Per gli altri 14 procedimenti, in attesa dei processi d'appello, rimangono 27 anni da scontare. Anche l'ex presidente birmano Win Myint (71 anni), un fedele di Suu Kyi, potrà contare su una grazia parziale che ridurrà la sua reclusione, senza però che la sostanza cambi.

I militari cercano il dialogo?

La decisione della giunta arriva pochi giorni dopo il trasferimento di Suu Kyi dall'isolamento in carcere a un edificio governativo nella capitale Naypyidaw.

Messe insieme, e considerando anche il permesso al ministro degli esteri thailandese Don Pramudwinai di intrattenersi un'ora e mezza con il premio Nobel per la Pace tre settimane fa, le mosse sembrerebbero segnalare una volontà di dialogo da parte dei militari.

Ma poco fa pensare che il pugno di ferro si stia allentando: proprio lunedì, come ogni sei mesi dal golpe con cui prese il potere, la giunta ha esteso lo stato di emergenza che legittima il suo controllo assoluto sul Paese. La motivazione ufficiale è che serve ancora tempo per riportare la normalità e preparare il terreno per nuove elezioni, in un orizzonte temporale che è chiaro solo ai generali.

La guerra civile continua

Nel frattempo la guerra civile tra l'esercito e le «Forze di difesa del popolo» costituite dagli attivisti pro-democrazia (considerati «terroristi» dal regime) continua, in un conflitto costato quasi 4.000 vittime civili.

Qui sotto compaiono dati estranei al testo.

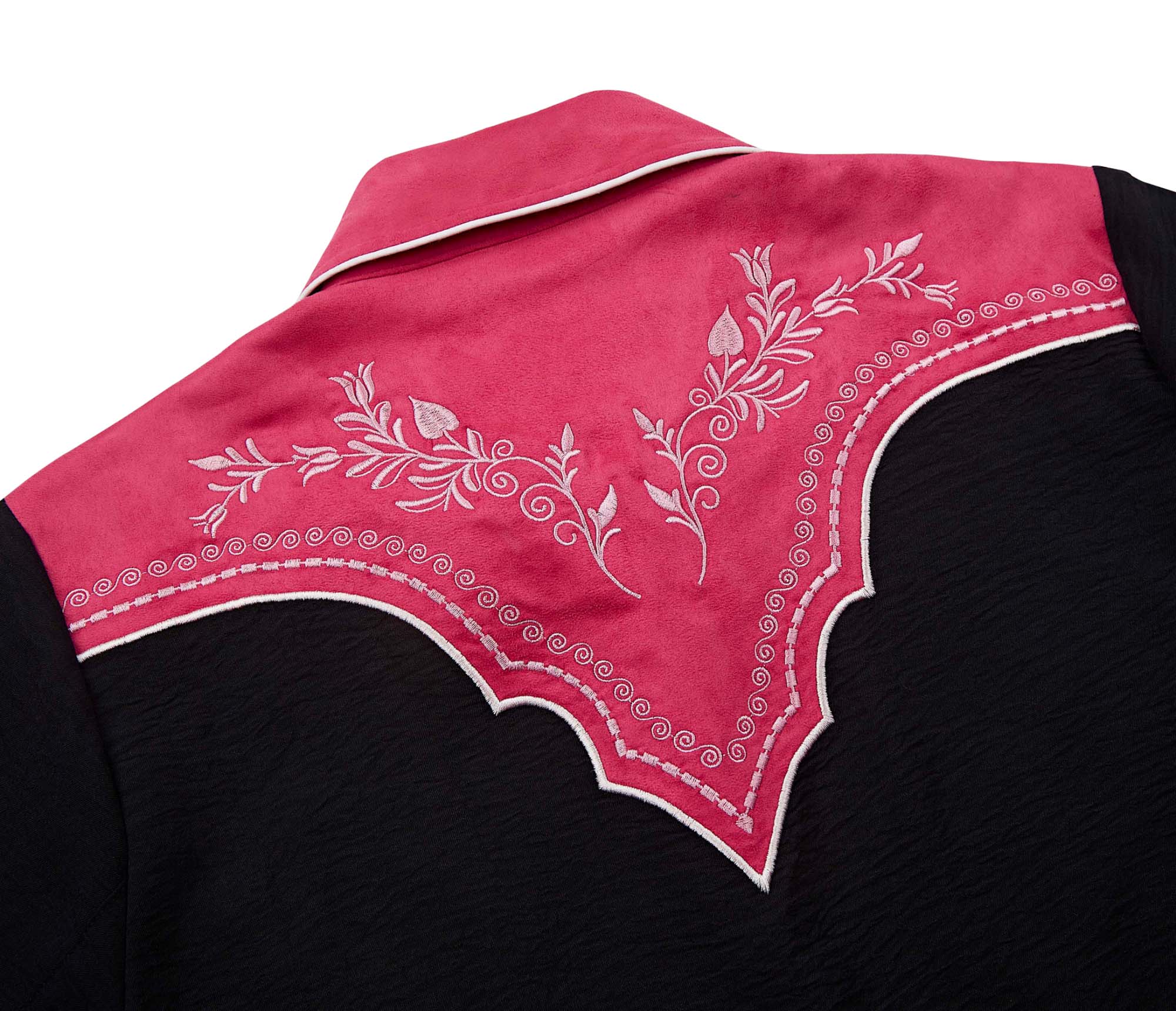 Prairie Vine Embroidery Cowgirl Shirt | Rose Pink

Oltre 24.000 persone sono state arrestate; non è chiaro se oggi siano stati graziati anche parte di questi prigionieri politici, ma in passato queste amnistie di massa hanno riguardato più che altro detenuti per reati comuni.

L'economia del Paese, senza turismo e investitori stranieri, è in ginocchio. Ma Min Aung Hlaing, sostenuto dalla Cina e leader di un esercito che si reputa indispensabile per l'unita del Paese, non mostra nessuna intenzione di voler lasciare il potere.

E per avviare una vera distensione, servirà ben più che una grazia parziale alla leader amata da gran parte della popolazione.